"Brain drain" no drag on development
university-of-waikato
Mon Apr 18 2011 12:00:00 GMT+1200 (New Zealand Standard Time)
“Brain drain” no drag on development
Monday, 18 April 2011, 10:53 am
Press Release: University of Waikato
Media Release
April 18, 2011
“Brain drain” no drag on development
With fierce competition across the globe for talented workers, does the “brain drain” hurt developing countries? Or is it the case that having a diaspora of highly skilled emigrants helps poor economies grow faster through trade, investment and knowledge transfers?
New research out of the University of Waikato, being presented at the Royal Economic Society’s annual conference in London this week, shows the “brain drain” may not be a bad thing.
The study, by Waikato’s Professor John Gibson and Dr David McKenzie of the World Bank, shows little evidence that high-skilled emigration has a negative impact on the home countries.
Existing studies show small island countries, such as those in the Pacific and the Caribbean, have the highest rates of tertiary educated people leaving.
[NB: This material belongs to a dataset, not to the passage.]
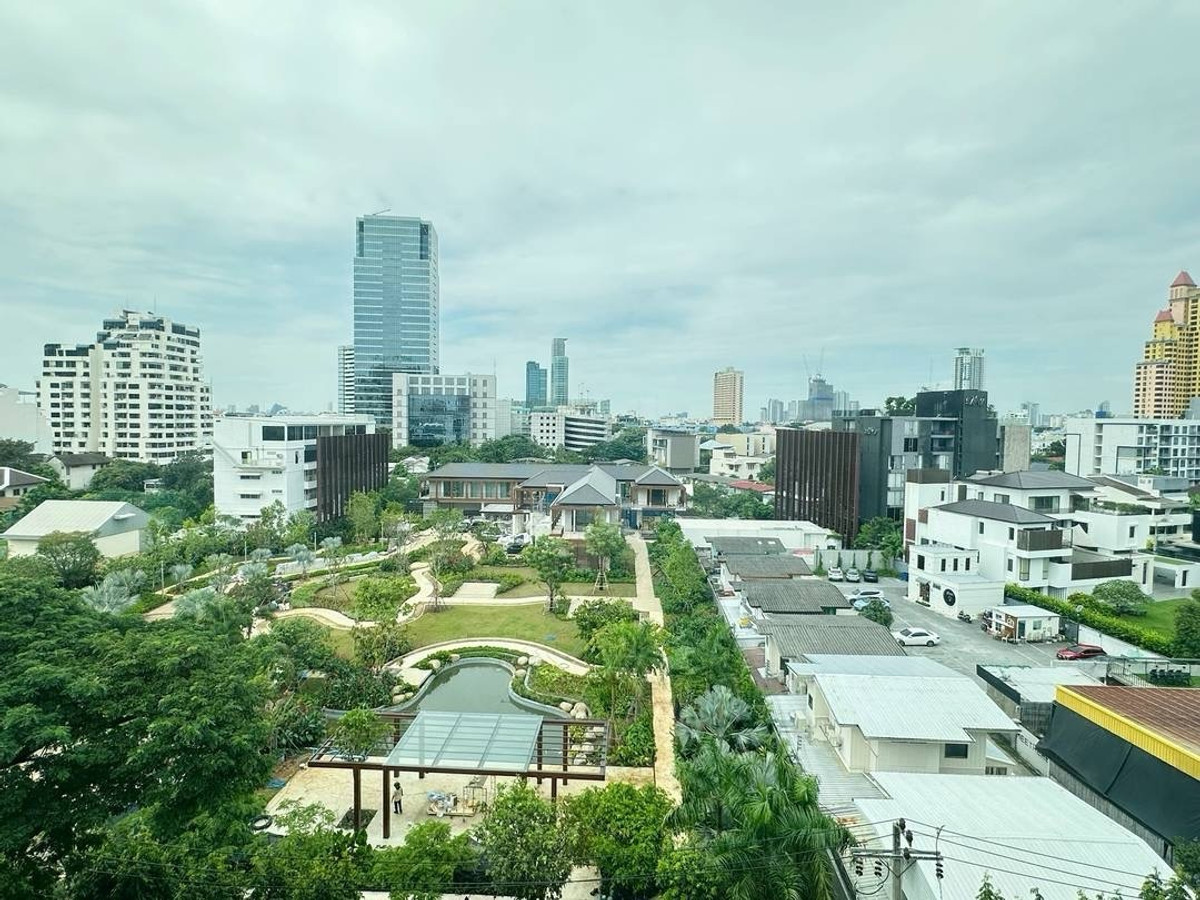 For RentCondoAri,Anusaowaree : Condo for rent, location Phahonyothin 4 (North side), Ari area, corner room, good location, doesnt block the view, fully furnished.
The other region with a high rate of skilled emigration is sub-Saharan Africa, with Ghana a prominent example.
Based on these patterns, the two researchers have studied the micro-level impacts of highly skilled emigration on Ghana, Micronesia, New Zealand, Papua New Guinea and Tonga.
For each country, the researchers traced the migration histories of top academic achievers in high school each year from 1976 and 2004.
Altogether this involved tracking down and surveying more than 1,200 people now living in 45 different countries.
“This approach allows for natural comparison groups of highly skilled emigrants, returnees and individuals of similar academic talent who never migrated,” says Dr McKenzie. “Targeting a group based on their high school standing avoids biases from studying only particular occupation groups, such as doctors.”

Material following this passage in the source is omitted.